In accordance with another aspect of the present invention, there is provided a method for isolating a perforated interval of a well, the well including a casing liner having a wall with a plurality of perforations therethrough forming the perforated interval, the method comprising: providing a tool including a tubular body including an inner diameter and an outer surface, a first open end and a second open end, the first and second open ends providing access to the inner diameter; and a sealing element to isolate a mid region of the outer surface from the first open end and the second open end; positioning the tool in the well with the tubular first open end adjacent and above an uppermost perforation of the perforated interval and the second open end adjacent and below a lowermost perforation of the perforated interval; and installing the tool in the well with the sealing element sealing between the tubular body and the casing wall above the uppermost perforation of the perforated interval and below the lowermost perforation of the perforated interval to isolate fluid flow between the perforations and the inner diameter.

Referring to the drawings, several aspects of the present invention are illustrated by way of example, and not by way of limitation, in detail in the figures, wherein:

FIG. 1 is an axial sectional view of wellbore tool to allow mechanical isolation of a perforated segment in a well;

FIGS. 2A, 2B and 2C are sequential views of a tool such as that of FIG. 2 being installed in a wellbore;

FIG. 3 is an axial sectional view of a tool being conveyed downhole on a setting tool;

FIGS. 4A and 4B are sequential axial sectional views of another wellbore tool useful to allow mechanical isolation of a perforated segment in a well; and

FIG. 5 is a sectional view along a length of a wellbore having tools installed therein.

The detailed description set forth below in connection with the appended drawings is intended as a description of various embodiments of the present invention and is not intended to represent the only embodiments contemplated by the inventor.
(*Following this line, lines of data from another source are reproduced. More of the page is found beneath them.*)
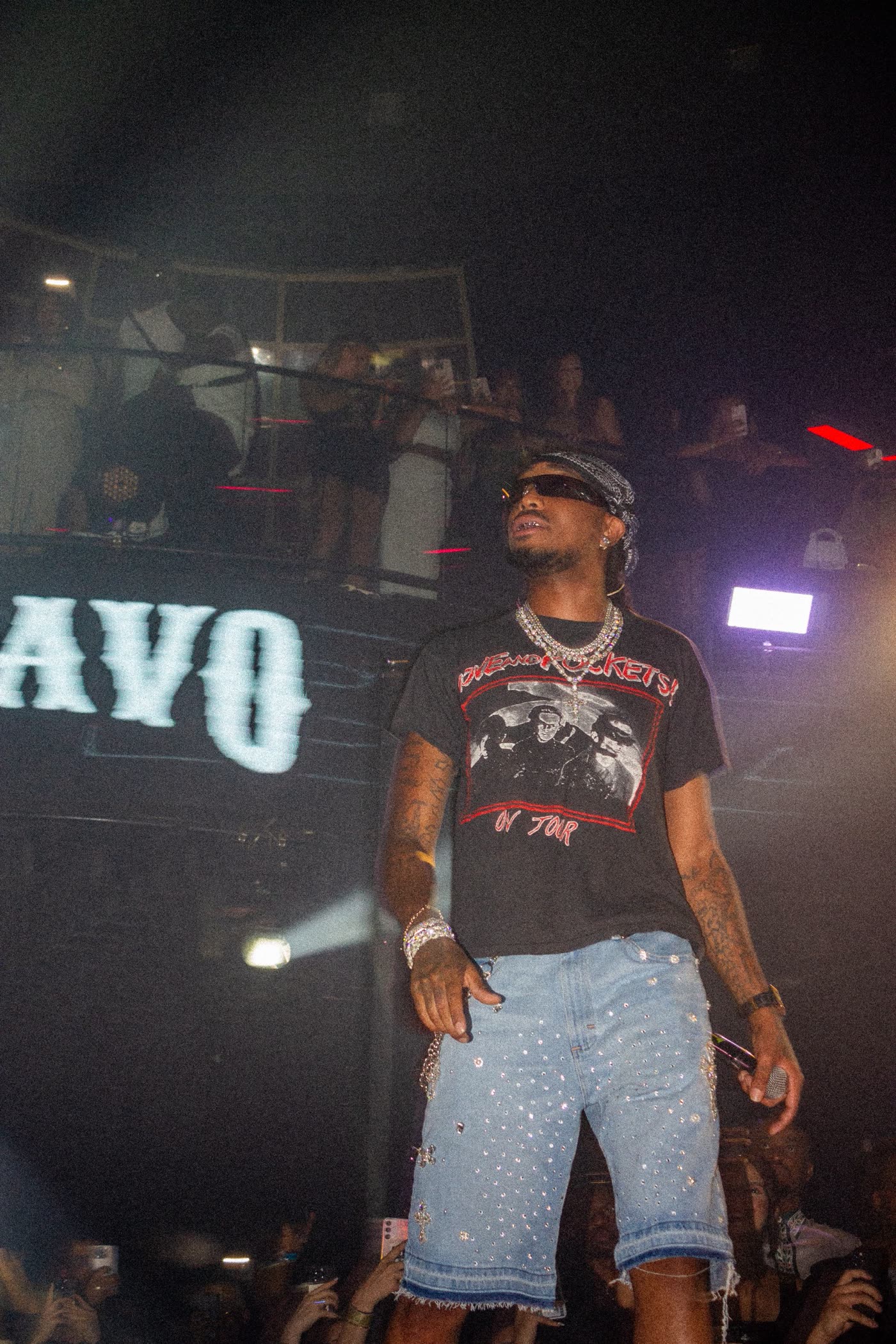 Quavo on stage in sunglasses, chains and crystal denim shorts in front of his name on the screen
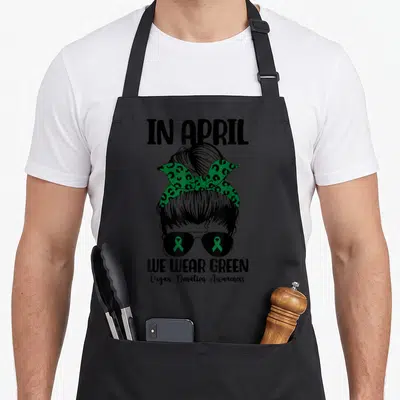 Messy organ apron - Black line-art woman with green leopard bandana and green ribbons in sunglasses lenses — shown on a black cotton canvas apron against a white background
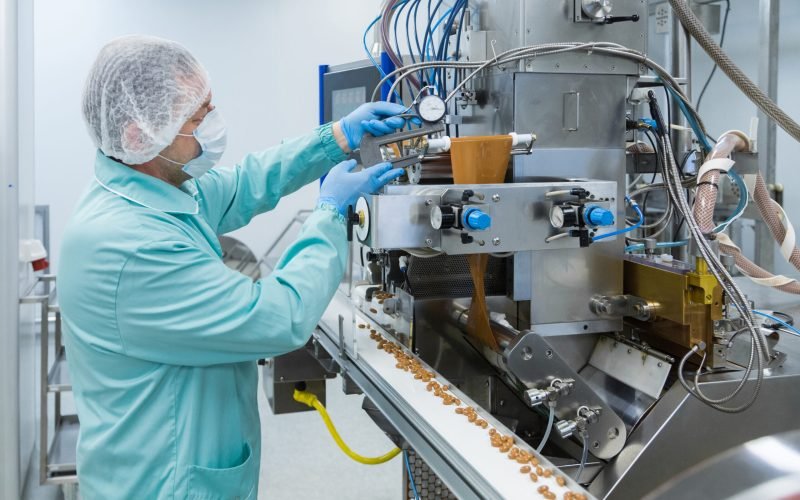 Pharmaceutical technician in sterile environment working with equipment at pharmacy industry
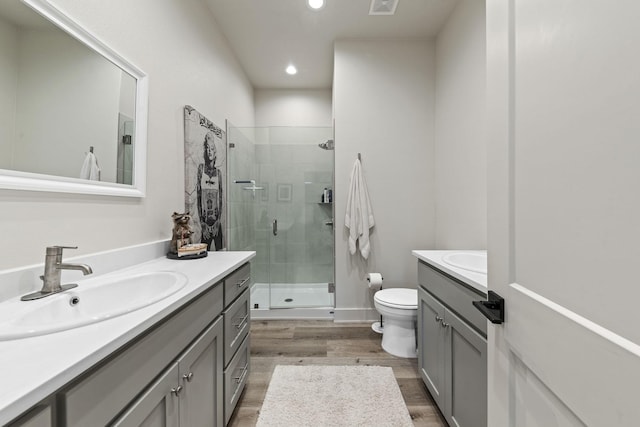 bathroom featuring vanity, hardwood / wood-style flooring, a shower with shower door, and toilet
The detailed description includes specific details for the purpose of providing a comprehensive understanding of the present invention. However, it will be apparent to those skilled in the art that the present invention may be practiced without these specific details.

A wellbore tool, installation and method have been invented for providing a patch over a perforated segment of a well. The tool can act to patch the perforations so that the perforations and the formation accessed through them can be isolated against fluid communication with the wellbore. The tool is secured in the wellbore at a selected location, such as over a perforated interval along the well and can be made to be removable such that the perforations can be returned to a fully opened, uncontrolled position. The tool carries seals along a body and can provide a substantially full seal between the perforations and the inner bore of the well. Alternately, the tool can be ported to provide controlled access to the perforations by opening and closing the port, the seals of the tool controlling against substantially any flow around the tool to the perforations except through the port.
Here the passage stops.